Table 3. Changes in expression of miRNA-133a, -200b and -320a in Guerin carcinoma tumor tissue after 5-aza treatment
Note: *p < 0.05 compared with control group; #p < 0.05 compared with control WT strain.
We determined that 5-aza treatment resulted in the increase of miR-133a and -320a levels in all three strains. Levels of miR-200b also increased in all studied strains, but were the most pronounced in Guerin/CP cells. Obtained data on miRNA-133a and -200b expression were in good accordance with the data on ferritin levels in tumor tissue, mentioned above. So, despite hypomethylation of its promoter, fth1 expression is silenced by miRNAs on the post-transctriptional level.
It is known that tfr1 and mdr1 mRNAs are direct targets of miRNA-320a. Overexpression of both proteins is observed in many cancer cells, resistant to different cytostatics. So, we speculate that the increase of microRNA-320a expression caused by 5-aza, could sensitize malignant cells to anticancer drugs .

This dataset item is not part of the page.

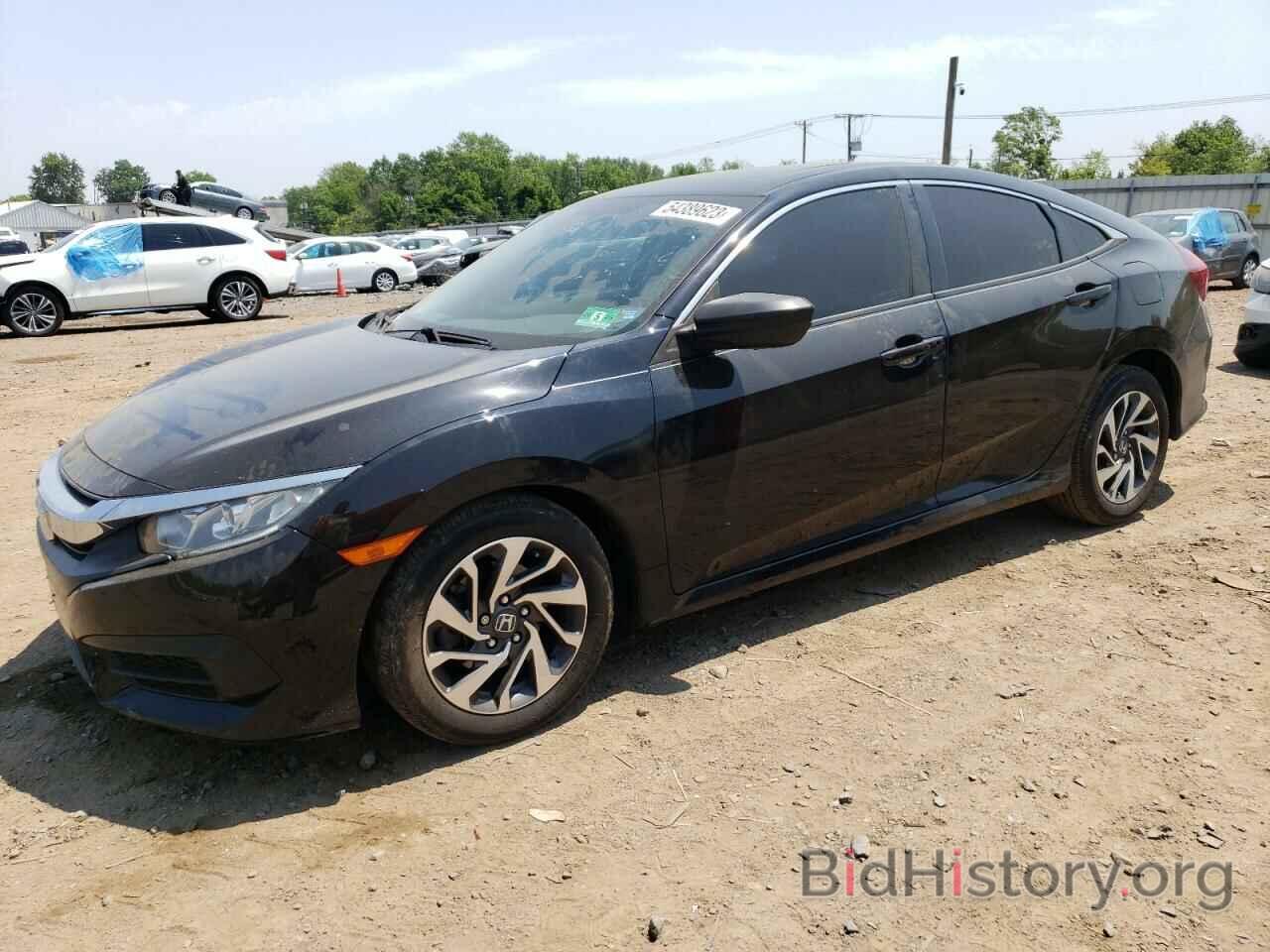 Photo 2HGFC2F79JH528099 - HONDA CIVIC 2018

Due to constant binding of DNMT enzymes, 5-aza causes apoptotic effect on poorly differentiated stem cells, but the exact mechanism of this influence is still unclear . We assessed the apoptotic and necrotic rates of Guerin carcinoma cells, and it was found that in Guerin/WT the treatment with 5-aza resulted in the increased number of cells in a state of necrosis and apoptosis — by 13.7 and 49%, respectively, compared to untreated control. In Guerin/CP and Guerin/Dox cells under the influence of 5-aza, the number of cells in a state of necrosis did not change, and the number of cells in a state of apoptosis increased twice (Table 4).
Table 4. Indices of metal-containing proteins in blood serum of animals with Guerin carcinoma after 5-aza treatment
Note: *p < 0.05 compared with untreated strain; #p < 0.05 compared with untreated sensitive strain.
So, we can conclude that 5-aza treatment resulted in unidirectional changes in all studied Guerin carcinoma strains. Particularly, we observed hypomethylation of fth1 and tfr1 promoters, and, as a result, elevation of free iron levels in tumor cells. This caused significant increase of expression of miRNAs involved in regulation of iron levels, resulting in silencing of ferritin expression and the loss of resistance to cytostatics.
These changes in tumor behavior were confirmed on organism level. After 5-aza treatment, in blood serum of animals with Guerin/Dox ferritin levels were increased by 23.9%, while in Guerin/WT and Guerin/CP — decreased by 17 and 16%, respectively. Also, after 5-aza treatment we observed lowering of ceruloplasmin activity (see Table 4). These results indicate that organism’s iron stores are depleted (in accordance with the data on increase of free iron in tumor tissue). Decrease of ceruloplasmin activity in blood serum (as we showed in our previous studies) is a non-tumor marker of tumor sensitivity to chemotherapy.
So, we can conclude that of 5-aza can be used as an exogenous modifier of the content of metal-containing proteins both in tumor and in an organism. Moreover, 5-aza was capable to change some features of drug-resistant tumors, making them more sensitive to cytostatics because of mdr1 deregulation and decrease of ceruloplasmin activity in blood serum.
Our results demonstrated that 5-aza could be considered as a promising agent, which can be used in low doses in combination with convenient chemotherapy (especially cisplatin and doxorubicin) to increase antitumor effects.
The study was performed in terms of “Functional Genomics and Metabolomics in System Biology” Program of Scientific Research of Biochemistry, Physiology and Molecular Biology Department of NAS of Ukraine.